Contents

Remove Kindle DRM with OCR and web automation

Background

I don’t have a lot of space for books, which is one of the reasons I’m a frequent patron of my local library. I borrow both traditional books and ebooks, which I can read on my Kobo reader. If I was going to buy a book, my preference is for an ebook over a paper copy, as I don’t want the physical good. A number of years ago, I wanted to read The Road Chose Me, by Dan Grec - it wasn’t available from my library AND I’m pretty sure it wasn’t available on Kobo at the time (it is now!).

I could have ordered it on Kindle, but I had a Kobo, and I don’t like the idea of “buying” something with digital rights management (DRM)/copy protection. For myself, DRM is fine for renting or streaming something, but if I’m buying something, I don’t want it tied to a specific device or supporting service. I want to be able to consume it when and how I choose, as experience has shown that over time DRM-encumbered media eventually stops working.
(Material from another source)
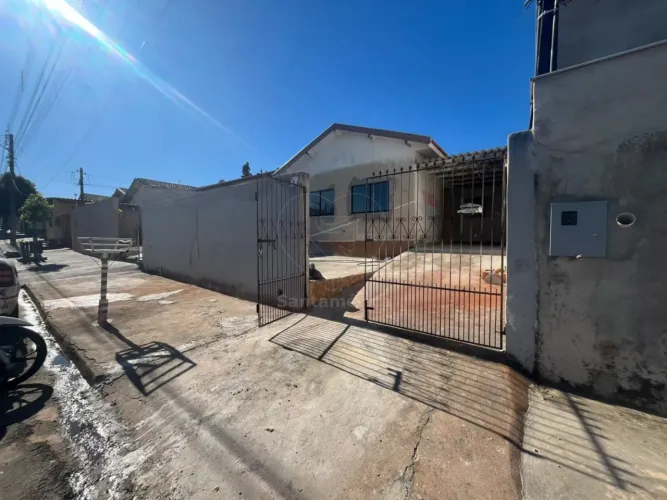 Casa para alugar com 4 quartos na Zona Leste de Londrina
A quick Google search found that I could buy the Kindle copy of the book, and remove the DRM using DeDRM_tools. DeDRM_tools required:

  • That you have a Kindle device associated with your Amazon account, and its serial number
  • Amazon’s “Download and Transfer” functionality. From the Amazon website, you could download the book, with DRM tied to a specific device

When configured with your Kindle’s serial number, DeDRM could remove the DRM, allowing you to read the ebook with any device. As I didn’t have a Kindle, I picked up an inexpensive model through a used goods online marketplace, registered it with my account, and DeDRM worked great - I read The Road Chose Me on my Kobo. I ended up buying a few ebooks through Amazon, removed the DRM, and managed them on my PC using Calibre.

Kindle Download and Transfer Discontinued

Mid-February, various technology sites were reporting that Amazon was discontinuing the download and transfer feature. Sure enough, I logged in, and saw the notice.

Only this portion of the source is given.